Routh's defense attorneys plan to argue he is not guilty by reason of insanity. They tried unsuccessfully to move and delay the trial, arguing that Kyle is too popular in Erath County for an impartial jury to be found.
"The people here are objective, conscientious and diverse, just like they are everywhere else"
Mike Snipes, a former Texas judge, prosecutor and now a criminal defense attorney, said the movie and book are so popular it likely wouldn't matter where the trial is held.
"Ultimately whether the trial is in Stephenville, The Bronx or Beverly Hills, people are people and you’re supposed to be able to find fair and impartial jurors wherever the case may be," Snipes said.
Local officials sent out more than four times the typical number of jury duty summons ahead of the Routh trial. The judge and attorneys should be able to find 14 impartial jurors out of a pool of 800 people, Snipes said.
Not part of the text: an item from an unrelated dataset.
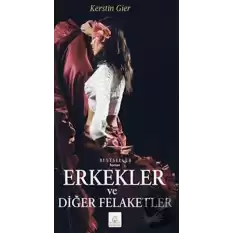 Erkekler ve Diğer Felaketler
"There are fair people here," said Stephenie Powell, who added that her son-in-law was on the same Navy ship as Kyle. "I know he’ll be done justice. I just want to see all three families finally get the answers they deserve."
Others were doubtful. Like Tammy Helms, who said flat-out: "I really don’t think he will" get a fair trial.
"Because of the movie," Helms said in a brief explanation, adding: "This is Texas."